* **Records supplied**
::::::::::
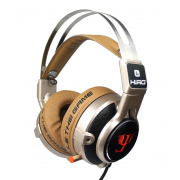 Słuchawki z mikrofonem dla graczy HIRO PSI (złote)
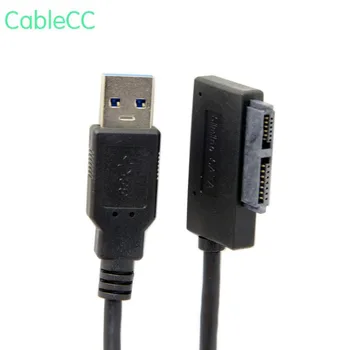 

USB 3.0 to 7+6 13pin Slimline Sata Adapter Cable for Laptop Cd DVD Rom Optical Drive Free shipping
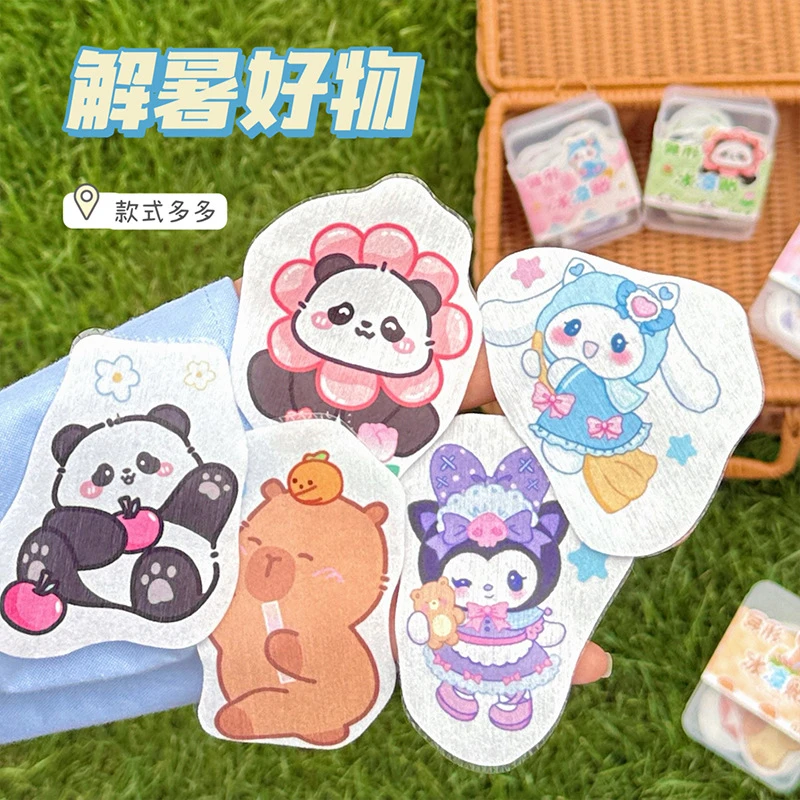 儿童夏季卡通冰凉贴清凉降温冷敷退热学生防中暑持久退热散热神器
::::::::::
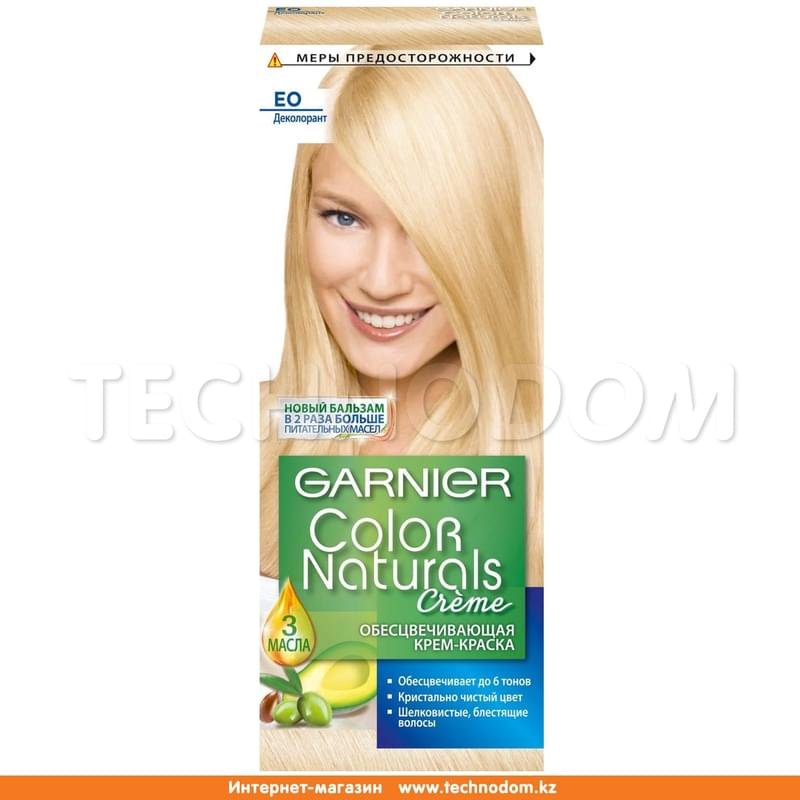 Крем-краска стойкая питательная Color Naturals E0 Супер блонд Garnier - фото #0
::::::::::
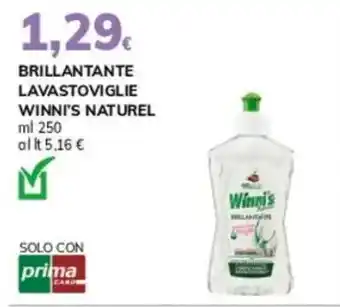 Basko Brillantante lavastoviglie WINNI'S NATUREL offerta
::::::::::
* **About this exercise**
Copy nothing but the lines above that run from the one with "Słuchawki z mikrofonem" to the one with "儿童夏季卡通冰凉贴清凉降温冷敷退热学生防中暑持久退热散热神器", ends included; pictures stay out.

* **Task result**
 Słuchawki z mikrofonem dla graczy HIRO PSI (złote)

USB 3.0 to 7+6 13pin Slimline Sata Adapter Cable for Laptop Cd DVD Rom Optical Drive Free shipping
 儿童夏季卡通冰凉贴清凉降温冷敷退热学生防中暑持久退热散热神器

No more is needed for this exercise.